_Data for this task:_
· · · · · · ·
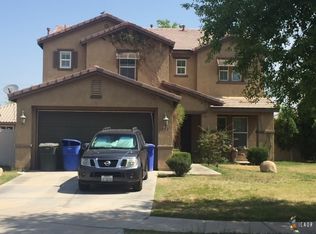 1450 Riverview Ave, El Centro, CA 92243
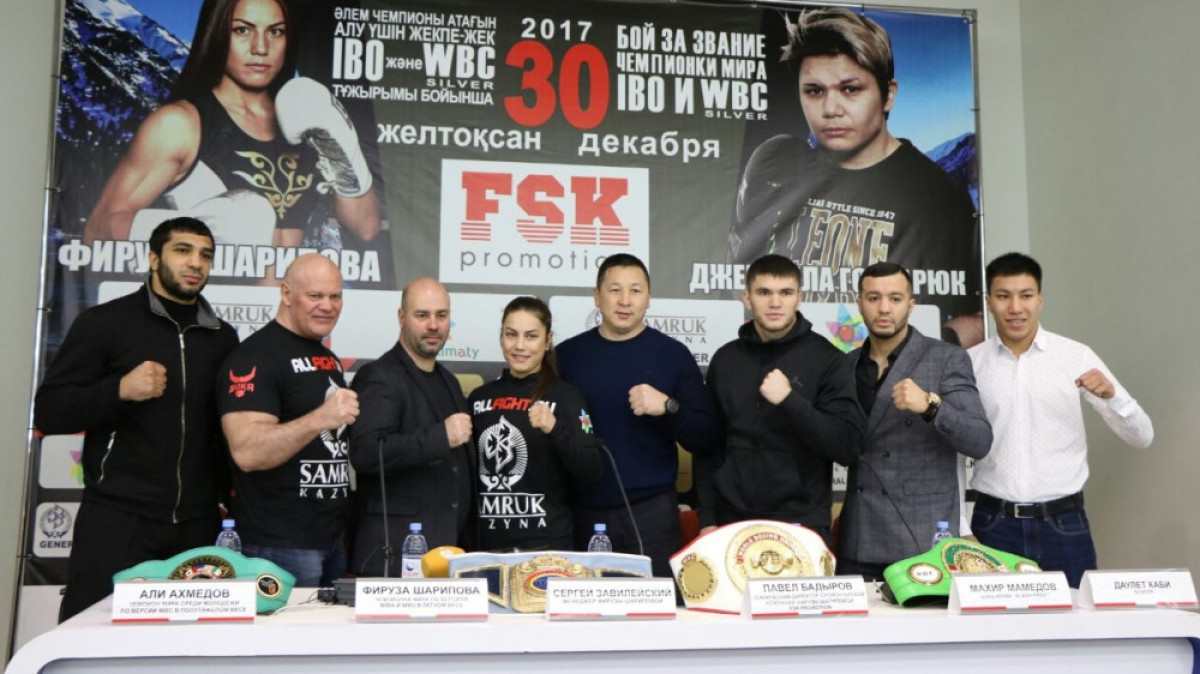  Руслан Канабеков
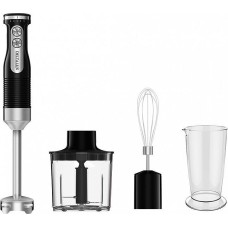 Блендер DELTA LUX DE-7004B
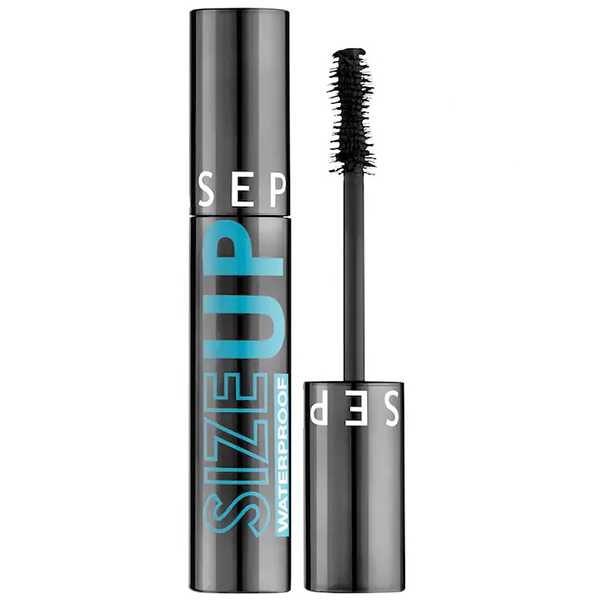 ریمل ضد آب سایز آپ سفورا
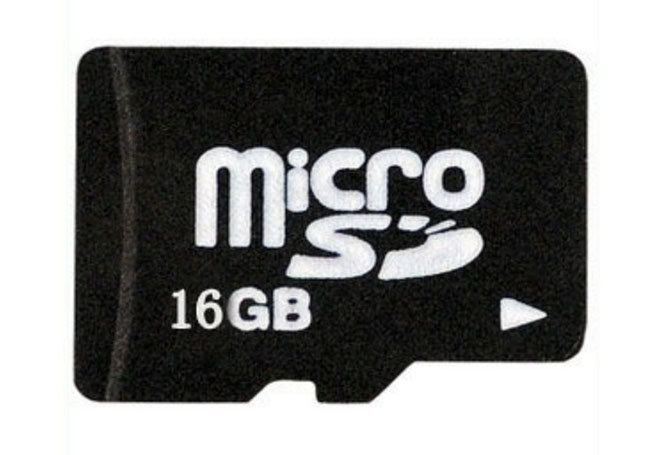 なしブランド2GB 4GB 8GB 16GB C05マイクロSDカードのメモリ問屋・仕入れ・卸・卸売り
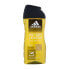 Фото #1 товара Adidas Victory League Shower Gel 3-In-1 250 ml duschgel für Herren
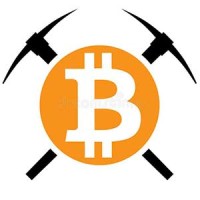 Blockchain Mining Corporate logo - Similar company to Blockchain Mining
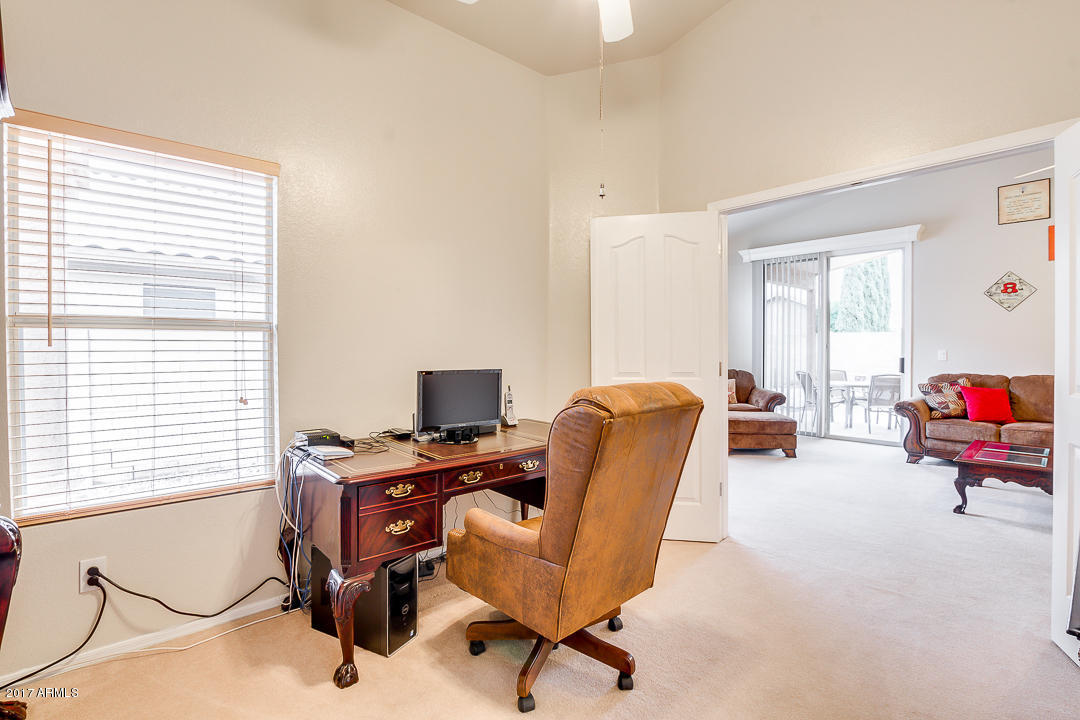 3829 Encinas Ave, Gilbert, AZ 85234 photo 7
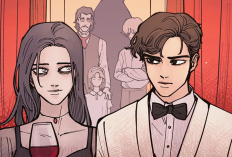 Enlace para Leer Leer Webtoon Familia Vampiro en Español Capitulo Completo, Una Historia Divertida y Entrañable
· · · · · · ·
_Work request:_ Output each record verbatim and leave out its pictures.

_Answer space:_
 1450 Riverview Ave, El Centro, CA 92243
  Руслан Канабеков
 Блендер DELTA LUX DE-7004B
 ریمل ضد آب سایز آپ سفورا
 なしブランド2GB 4GB 8GB 16GB C05マイクロSDカードのメモリ問屋・仕入れ・卸・卸売り
 Фото #1 товара Adidas Victory League Shower Gel 3-In-1 250 ml duschgel für Herren
 Blockchain Mining Corporate logo - Similar company to Blockchain Mining
 3829 Encinas Ave, Gilbert, AZ 85234 photo 7
 Enlace para Leer Leer Webtoon Familia Vampiro en Español Capitulo Completo, Una Historia Divertida y Entrañable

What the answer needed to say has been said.